ホンダは異端児だ。それに、ここからホンダはどうなると思う? 中国やヨーロッパのような主要市場は、PHEV(プラグインハイブリッド車)であってもICEの販売を完全に停止する時期について、法律で明確な一線を引いているんだぞ。ホンダは将来、EVを持っていなければ中国やヨーロッパのような市場で車を売れなくなるという問題に直面しているんだ。
確かに現在の市場は低迷しているけど、ホンダと同じレガシーメーカーであるルノーやBMWが示しているように、ホンダのような真似をしている企業は他にない。彼らはEVを減らすどころか増やしているし、EVのラインナップを強化しているんであって、打ち切ったりはしていない。『もし成功したら』なんて言えないよ。だって彼らは120億ポンド(2兆5560億円)を帳消しにしたんだから。それは成功じゃない。誰もホンダに追随しないのは紛れもない事実だ」
↑「君は現時点から見ている。私は約1年後という視点から見て、この先何が起こるか思案しているんだ。ホンダがこれを思いつきでやったなんて信じられないよ!

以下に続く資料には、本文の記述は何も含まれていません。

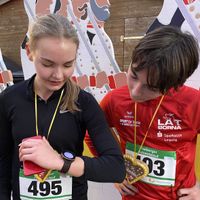 web_Adventslauf4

それに、ICEの締め切りに関する法規制は現時点でほぼ確定しているしね」
↑「いや、私は現時点から未来を見据え、他メーカーの動きや法規制を考慮して見ているんだ。ホンダが思いつきでやったわけじゃないからといって、それが悪い決定じゃないとは限らない。思いつきじゃなくても悪い決定が下されることはある。
法規制については、締め切りが存在して確定していることを君も認めているわけだが、そのシナリオでホンダはどうするつもりなんだ? その期日以降、ヨーロッパのような重要な市場ではもうICEは売れない。もしヨーロッパなどの市場で少しでも存在感を示したいなら、将来的にはEVのラインナップが必要だ。そうでなければ売ることができないんだから。

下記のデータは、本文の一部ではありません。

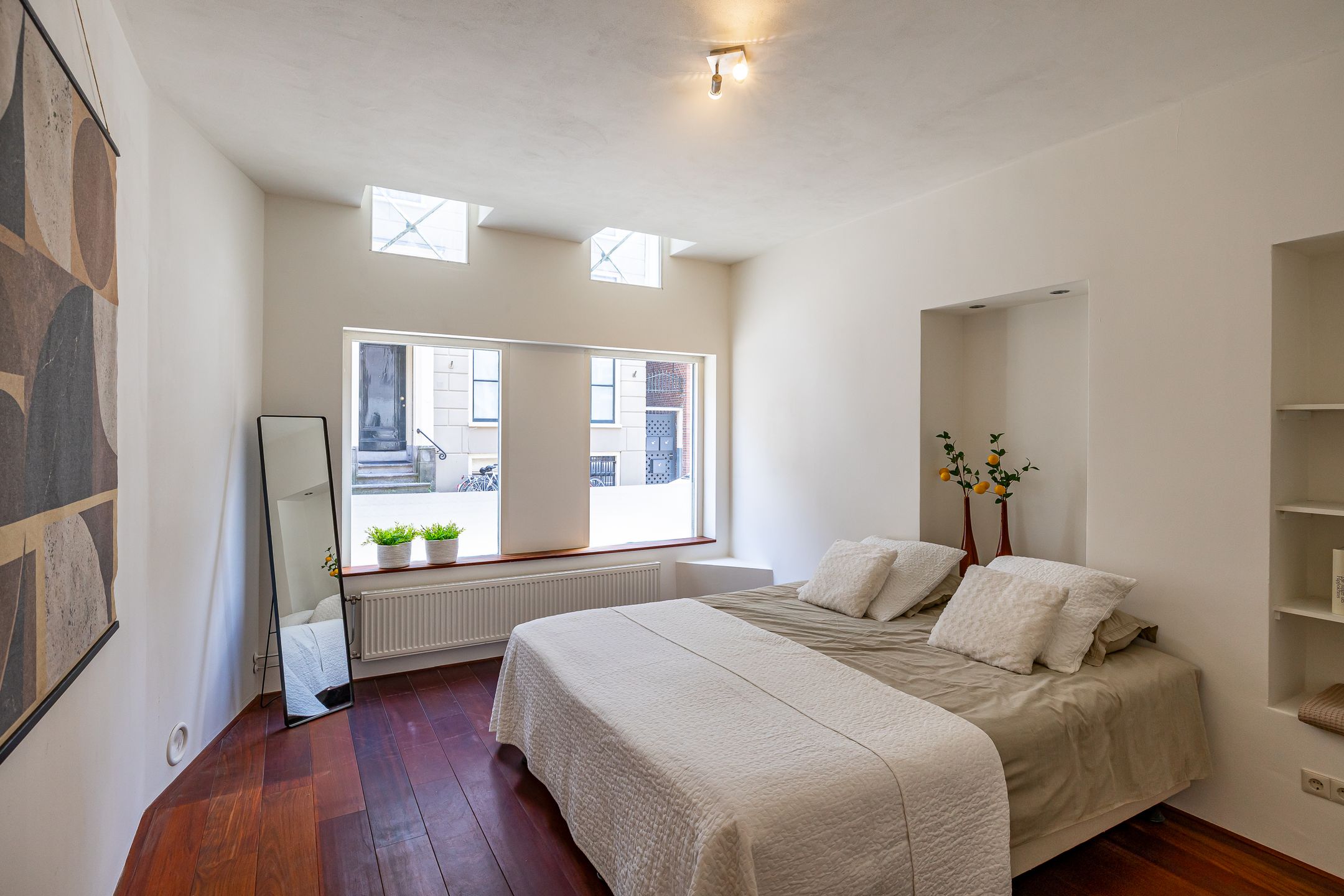 Foto 21 van Haddingestraat 15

もしホンダが『将来的にはヨーロッパや中国での存在感は不要だ』と認めているなら別だけど、そんなわけはないと思う。だからこの決定は筋が通らないんだ。なぜなら、好むと好まざるとにかかわらずEVを再検討しなければならないか、あるいは市場へのアクセスを失うかのどちらかだからだ。ただそれだけの簡単な話さ」
「避けられないことだったな。今回の件では、難を逃れたのはソニーの方かもしれない。これらの車がEVだったからじゃなく、想像力もセンスも全く感じられない信じられないほど退屈なデザインだったからね。
ホンダに関しては…本当にアナス ホリビリス(※5)になりつつあるな」
「これって走るPlayStation 5のことか?」
「115億ポンド(2兆4495億円)が投資され、プロトタイプが作られ、ロボットを備えた工場が建てられ、バッテリー技術が獲得され、スタッフが訓練された。そのすべてをキャンセルするなんて、堅実な決断なんかじゃない。これは歴史的な大失態であり、ホンダがEV市場で存在感を示せなくなるってことだ。
ヨーロッパや中国の将来の法規制は、メーカーがEVを作り続け、ICE車を段階的に廃止する道を進ませるだけだ。EVプログラムを持たないホンダに対応する能力はない。これがホンダの完全な大失態じゃないと思うやつは、自分を騙してるだけだ」
「ホンダがF1、MotoGP、電気自動車…と至る所で失敗するのを見るのが大好きだよ」
※4 ホンダ プロローグ:ホンダがGM(ゼネラルモーターズ)のプラットフォームを利用して北米向けに開発した大型EV。
※5 アナス ホリビリス(annus horribilis):ラテン語で「悲惨な年」の意味。1992年に英国のエリザベス女王がスキャンダル続きの王室を嘆いて使ったことで非常に有名な表現。